You did a whipple or a big liver whack or a low anterior resection and your attending at the time never scrubbed in?
You obviously didn't read what I wrote because at no time did I state that I was doing LARs or liver resections without an attending.
If you were doing complex cases alone as a pgy-3 with no attending supervision, then the patients were getting poor care. Where I trained, the pgy-3 generally did hernias, breast, amputations, appies, choles, hemorrhoids, ostomy takedowns, and lines without an attending scrubbed/in the room. However, complex cases like pancreas, liver, colon cases other than a right hemi, transplant cases, thoracic cases, and vascular cases all had the pgy-3 with an attending, or a chief resident. There is simply no way that one can become skilled enough to approach best-care status by the pgy-3 year to be performing complex cases independently, and safely. You may want to clarify your statements lest someone think that your academic training program is providing unsafe, sub-standard surgical care.
At no point in my previous post, did I state that I was doing complex cases alone with no attending. Hepatobiliary and Colorectal were not services that utilized PGY-3 residents as chiefs.
As a PGY-3, most of the cases that I performed were hernias, appys, choles, simple amputations and other more simplier cases. The attending was in the room, often not scrubbed but could scrub if necessary.
The other thing that you have to consider is that at my program, research years were done between PGY-2 and PGY-3 which meant that at the PGY-3 level, most of us were in our 4th year of residency (two clinical years and two research years) and had been able to scam plenty of the more junior resident cases while we were doing research so that we were pretty skilled.
As JAD stated above, no resident was allowed to enter a case without having pre-read the case. No attending would allow a resident to operate without the attending scrubbing if they were not totally comfortable that the resident was able to do the case.

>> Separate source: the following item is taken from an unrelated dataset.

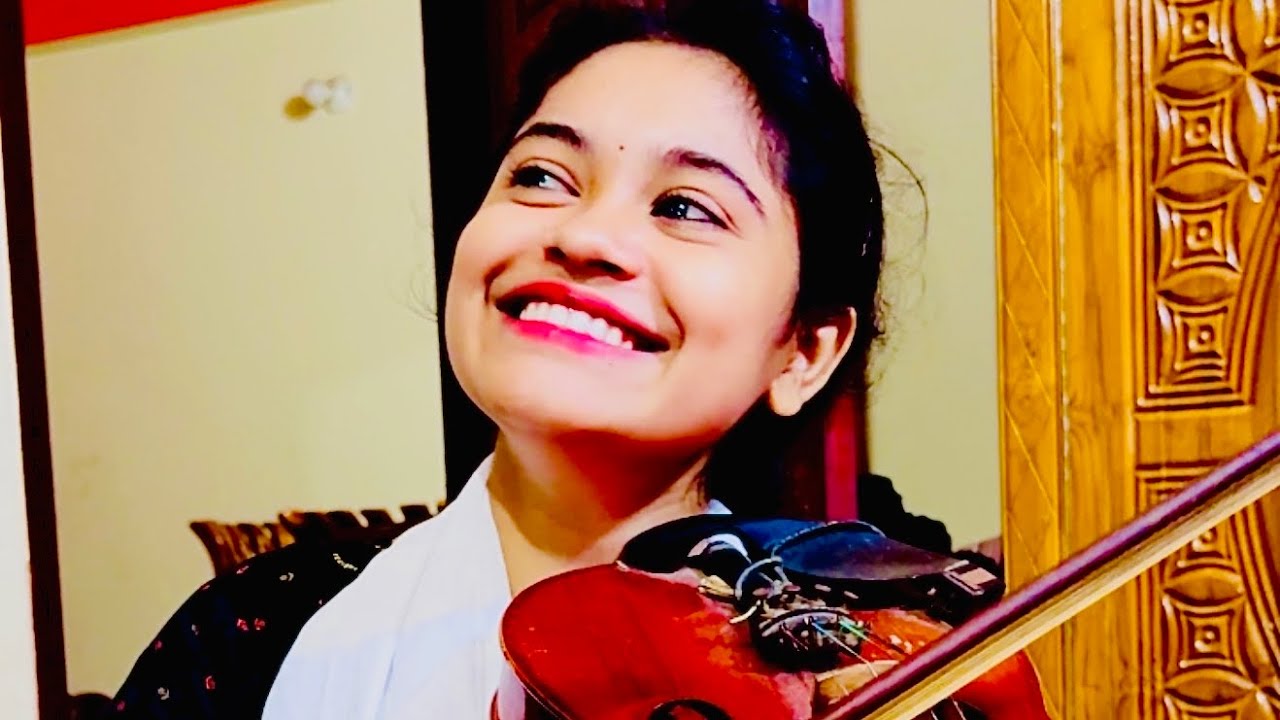 চাদনী সরকারের গানে নাচলেন হাজার হাজার দর্শক। এস্কের আগুন জলছে বুকে।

Cases like LARs, APRs, hepatobiliary procedures were done by PGY-5s. A PGY-3 could scrub a more complex case but they were more "learners" than "doers" on these cases. However, lots of good experience can be gained by holding a retractor. I scrubbed plenty of APRs, LARs and other complex cases as a junior resident to get experience and to see anatomy. If something good was going, I was there to get a hand in it. While I couldn't claim the case, I could get the benefit of the operative experience and the wisdom of handling complications from the attending as they taught during the case. All in all, not bad experience for a junior resident.
Also, as a junior resident, you were not allowed to scrub a complex case with a fellow/attending unless you had pre-read, explained the case to the attending and knew the important surgical anatomy. That was just part of the heavy emphasis on teaching that my program expected of the attending staff. Again, residents were not assistants and were expected to get something out of every case that they scrubbed and I made sure that I did. That "deliberative observation" was some of the best learning that I experienced.